▶ [What the exercise asks]
Please output every entry below precisely as written.

Stored items from a collection:

———

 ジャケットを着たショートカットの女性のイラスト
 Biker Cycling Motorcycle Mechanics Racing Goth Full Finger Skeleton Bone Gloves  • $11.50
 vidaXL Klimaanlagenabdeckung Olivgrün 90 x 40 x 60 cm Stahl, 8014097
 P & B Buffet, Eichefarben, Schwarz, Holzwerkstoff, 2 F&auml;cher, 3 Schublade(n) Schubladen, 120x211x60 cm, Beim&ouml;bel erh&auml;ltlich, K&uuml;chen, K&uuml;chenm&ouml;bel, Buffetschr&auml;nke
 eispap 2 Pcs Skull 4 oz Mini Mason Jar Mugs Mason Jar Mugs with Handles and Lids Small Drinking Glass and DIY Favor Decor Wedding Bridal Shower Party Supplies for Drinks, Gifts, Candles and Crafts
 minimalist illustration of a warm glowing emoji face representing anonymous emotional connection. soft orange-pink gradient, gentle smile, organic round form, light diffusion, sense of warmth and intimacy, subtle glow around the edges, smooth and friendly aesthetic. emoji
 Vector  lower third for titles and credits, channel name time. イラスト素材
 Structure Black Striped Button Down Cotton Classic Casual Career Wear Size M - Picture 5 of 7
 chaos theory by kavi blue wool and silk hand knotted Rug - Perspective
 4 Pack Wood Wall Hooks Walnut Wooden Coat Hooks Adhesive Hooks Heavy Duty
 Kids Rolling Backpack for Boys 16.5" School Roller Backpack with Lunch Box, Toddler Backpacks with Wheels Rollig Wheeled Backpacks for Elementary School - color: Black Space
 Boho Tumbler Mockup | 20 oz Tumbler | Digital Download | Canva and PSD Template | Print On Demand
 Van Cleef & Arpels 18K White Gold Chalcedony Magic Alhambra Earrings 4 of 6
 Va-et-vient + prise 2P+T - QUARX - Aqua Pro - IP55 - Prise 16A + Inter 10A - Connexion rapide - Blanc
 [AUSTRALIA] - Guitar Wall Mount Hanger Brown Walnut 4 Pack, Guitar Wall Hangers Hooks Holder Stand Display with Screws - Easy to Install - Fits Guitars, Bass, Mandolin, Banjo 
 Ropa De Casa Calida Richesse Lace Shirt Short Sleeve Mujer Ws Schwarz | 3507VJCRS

———

▶ [Answer for the task]
 ジャケットを着たショートカットの女性のイラスト
 Biker Cycling Motorcycle Mechanics Racing Goth Full Finger Skeleton Bone Gloves  • $11.50
 vidaXL Klimaanlagenabdeckung Olivgrün 90 x 40 x 60 cm Stahl, 8014097
 P & B Buffet, Eichefarben, Schwarz, Holzwerkstoff, 2 F&auml;cher, 3 Schublade(n) Schubladen, 120x211x60 cm, Beim&ouml;bel erh&auml;ltlich, K&uuml;chen, K&uuml;chenm&ouml;bel, Buffetschr&auml;nke
 eispap 2 Pcs Skull 4 oz Mini Mason Jar Mugs Mason Jar Mugs with Handles and Lids Small Drinking Glass and DIY Favor Decor Wedding Bridal Shower Party Supplies for Drinks, Gifts, Candles and Crafts
 minimalist illustration of a warm glowing emoji face representing anonymous emotional connection. soft orange-pink gradient, gentle smile, organic round form, light diffusion, sense of warmth and intimacy, subtle glow around the edges, smooth and friendly aesthetic. emoji
 Vector  lower third for titles and credits, channel name time. イラスト素材
 Structure Black Striped Button Down Cotton Classic Casual Career Wear Size M - Picture 5 of 7
 chaos theory by kavi blue wool and silk hand knotted Rug - Perspective
 4 Pack Wood Wall Hooks Walnut Wooden Coat Hooks Adhesive Hooks Heavy Duty
 Kids Rolling Backpack for Boys 16.5" School Roller Backpack with Lunch Box, Toddler Backpacks with Wheels Rollig Wheeled Backpacks for Elementary School - color: Black Space
 Boho Tumbler Mockup | 20 oz Tumbler | Digital Download | Canva and PSD Template | Print On Demand
 Van Cleef & Arpels 18K White Gold Chalcedony Magic Alhambra Earrings 4 of 6
 Va-et-vient + prise 2P+T - QUARX - Aqua Pro - IP55 - Prise 16A + Inter 10A - Connexion rapide - Blanc
 [AUSTRALIA] - Guitar Wall Mount Hanger Brown Walnut 4 Pack, Guitar Wall Hangers Hooks Holder Stand Display with Screws - Easy to Install - Fits Guitars, Bass, Mandolin, Banjo 
 Ropa De Casa Calida Richesse Lace Shirt Short Sleeve Mujer Ws Schwarz | 3507VJCRS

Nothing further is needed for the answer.